Assigned task
Reproduce the material below only from the line with "This article was" to the line with "Hi, this is", both included, keeping each line exact and dropping the pictures.

*** Opening Data supplied ***

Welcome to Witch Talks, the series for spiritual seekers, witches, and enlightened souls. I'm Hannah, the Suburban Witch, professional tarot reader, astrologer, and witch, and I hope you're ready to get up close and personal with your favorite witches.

*** Closing Data supplied ***
*** Opening Data supplied ***

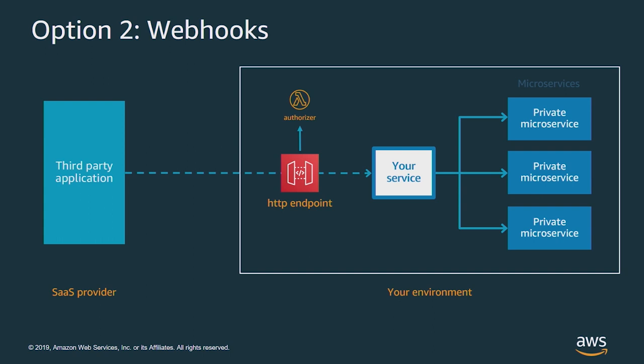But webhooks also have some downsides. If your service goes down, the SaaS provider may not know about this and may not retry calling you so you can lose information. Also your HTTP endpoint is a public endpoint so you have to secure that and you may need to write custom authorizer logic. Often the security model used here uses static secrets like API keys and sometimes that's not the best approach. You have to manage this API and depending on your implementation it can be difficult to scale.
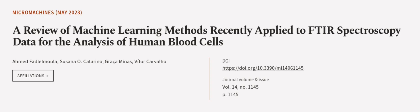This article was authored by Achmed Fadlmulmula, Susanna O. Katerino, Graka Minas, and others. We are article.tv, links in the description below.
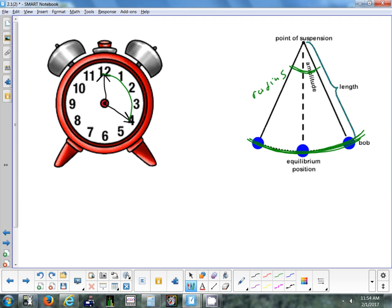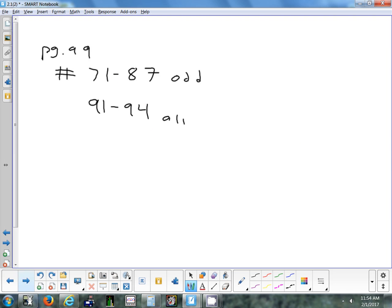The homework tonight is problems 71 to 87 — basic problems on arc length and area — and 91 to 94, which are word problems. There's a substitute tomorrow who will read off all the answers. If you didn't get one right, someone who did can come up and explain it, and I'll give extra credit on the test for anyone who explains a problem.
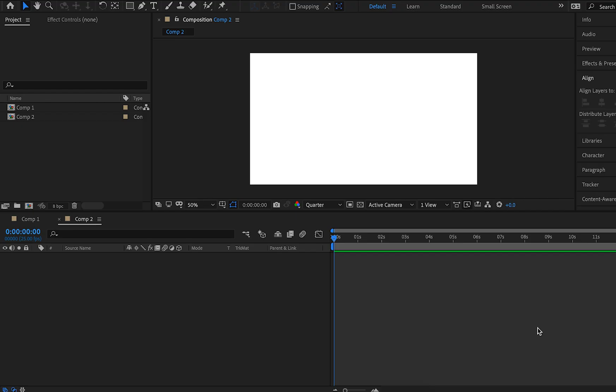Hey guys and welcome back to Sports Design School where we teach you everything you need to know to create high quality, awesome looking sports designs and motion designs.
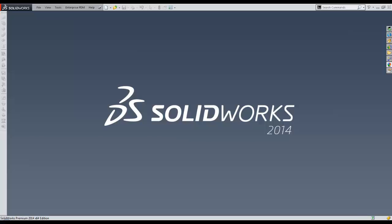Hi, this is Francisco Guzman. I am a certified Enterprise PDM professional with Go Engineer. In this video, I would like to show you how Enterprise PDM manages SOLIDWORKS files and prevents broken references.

*** Closing Data supplied ***

Result below
This article was authored by Achmed Fadlmulmula, Susanna O. Katerino, Graka Minas, and others. We are article.tv, links in the description below.
The homework tonight is problems 71 to 87 — basic problems on arc length and area — and 91 to 94, which are word problems. There's a substitute tomorrow who will read off all the answers. If you didn't get one right, someone who did can come up and explain it, and I'll give extra credit on the test for anyone who explains a problem.
Hey guys and welcome back to Sports Design School where we teach you everything you need to know to create high quality, awesome looking sports designs and motion designs.
Hi, this is Francisco Guzman. I am a certified Enterprise PDM professional with Go Engineer. In this video, I would like to show you how Enterprise PDM manages SOLIDWORKS files and prevents broken references.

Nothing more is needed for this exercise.